* _Problem details_
Return only the lines from the one that contains "Fly London Yito" through the last line of the records below, exactly as they stand. Pictures are not part of the copy.

Crawled caption data:
Segment Open

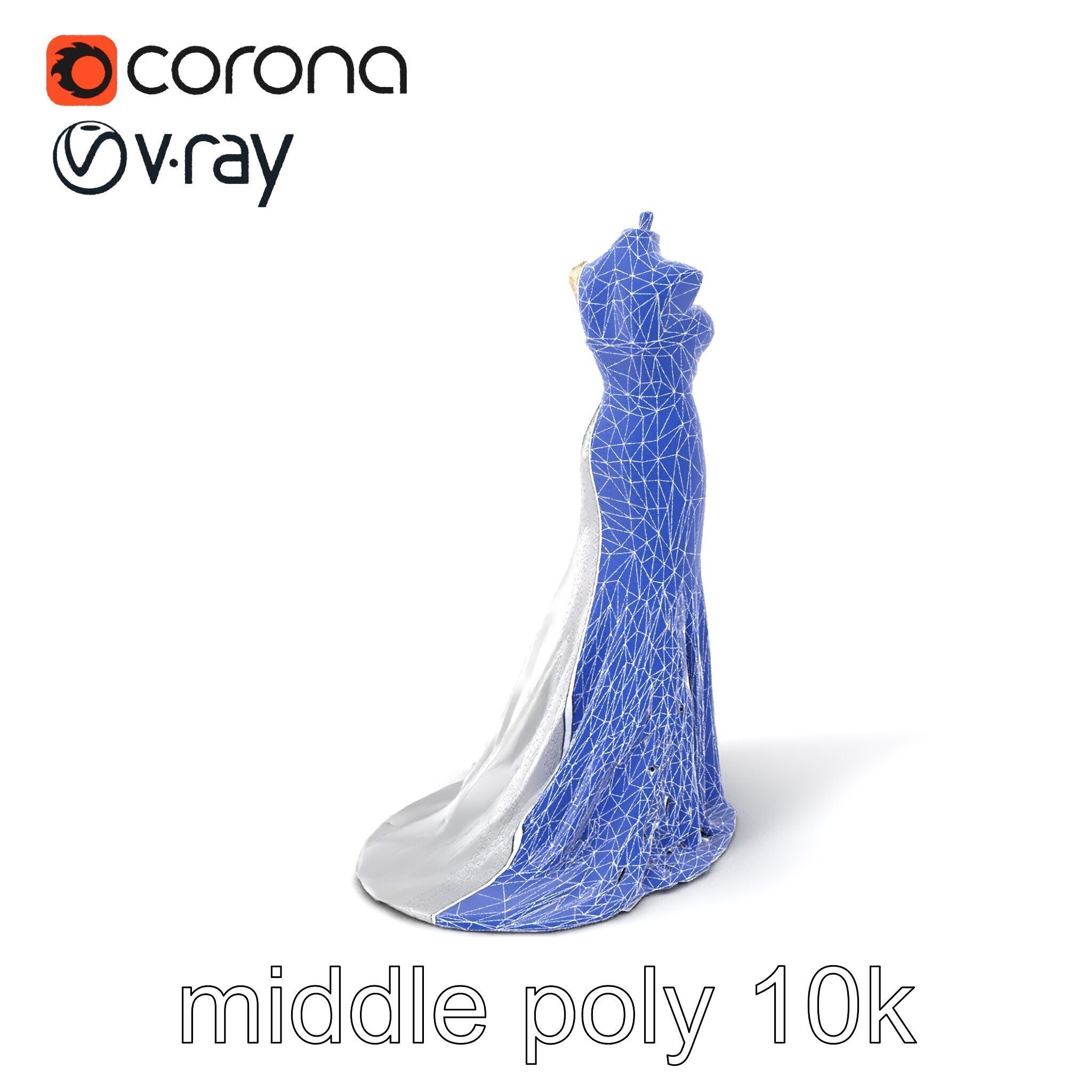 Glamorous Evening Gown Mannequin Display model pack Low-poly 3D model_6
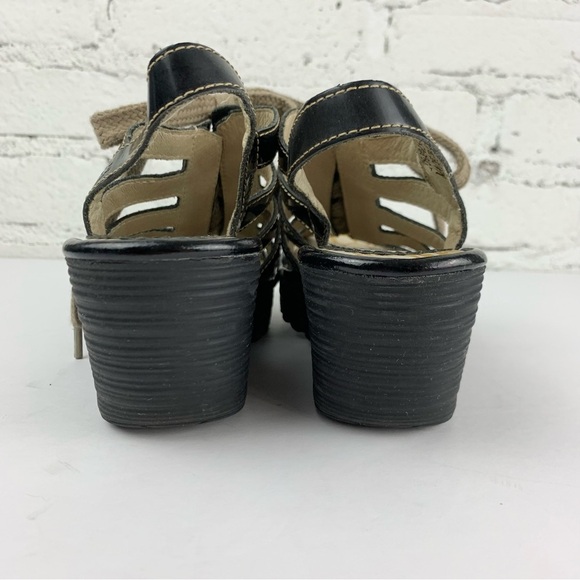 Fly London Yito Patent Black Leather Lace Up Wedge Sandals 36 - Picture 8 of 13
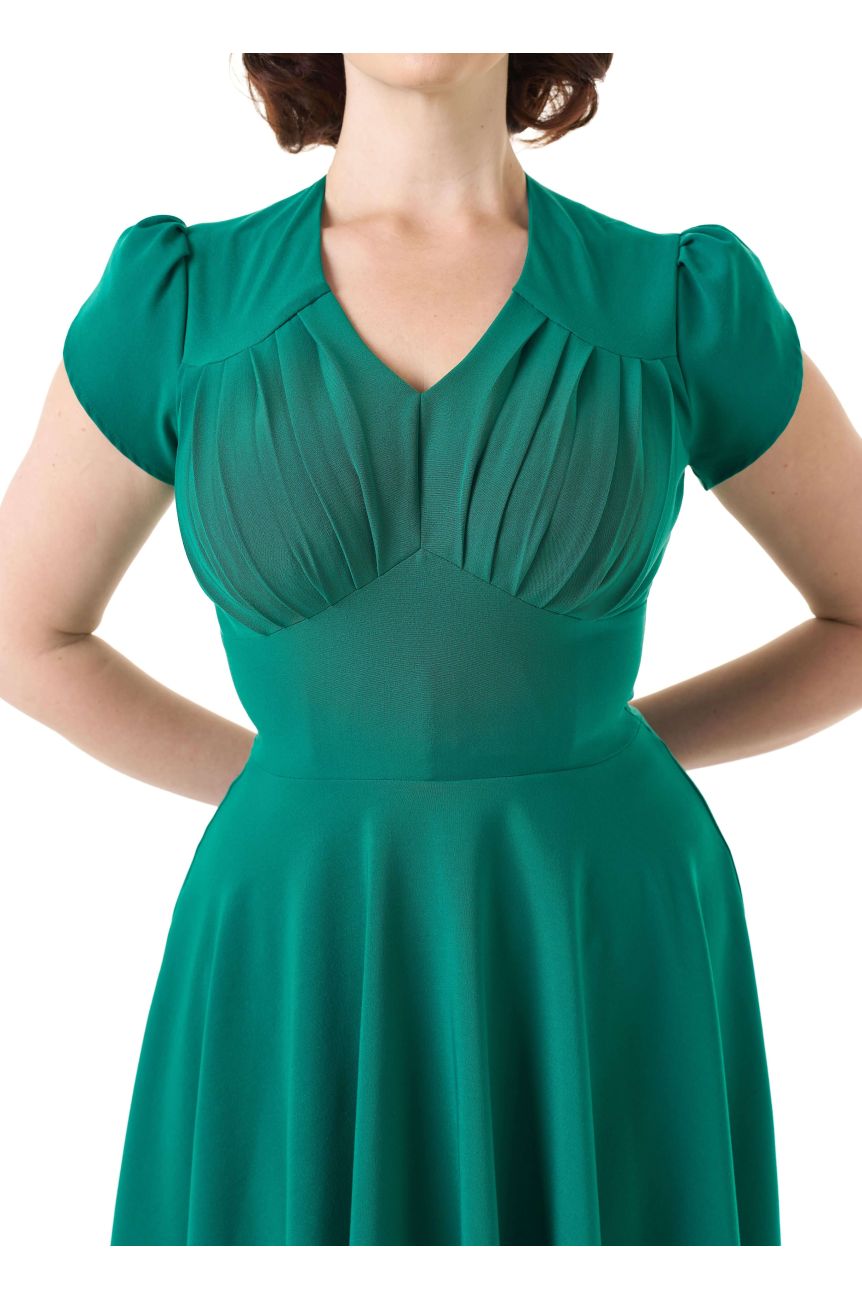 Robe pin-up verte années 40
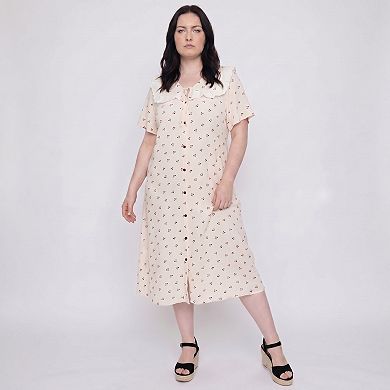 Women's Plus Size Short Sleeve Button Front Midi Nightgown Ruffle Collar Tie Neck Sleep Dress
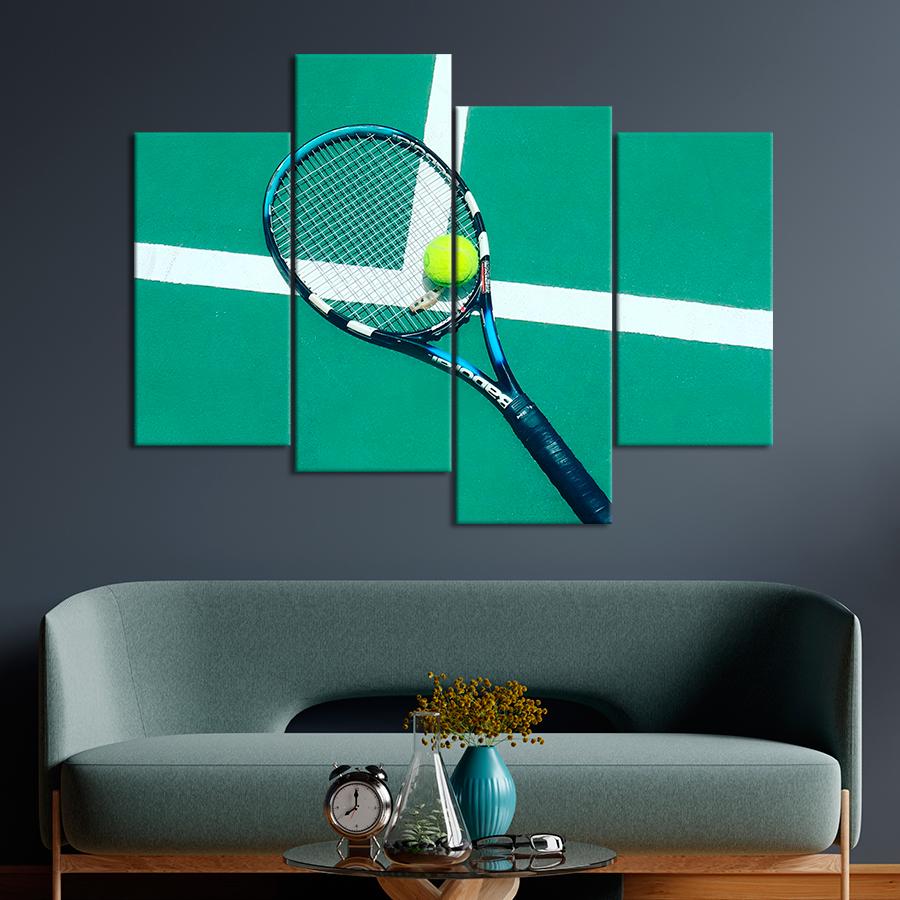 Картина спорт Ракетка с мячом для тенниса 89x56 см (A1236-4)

Segment Closed

* _Output of the task_
 Fly London Yito Patent Black Leather Lace Up Wedge Sandals 36 - Picture 8 of 13
 Robe pin-up verte années 40
 Women's Plus Size Short Sleeve Button Front Midi Nightgown Ruffle Collar Tie Neck Sleep Dress
 Картина спорт Ракетка с мячом для тенниса 89x56 см (A1236-4)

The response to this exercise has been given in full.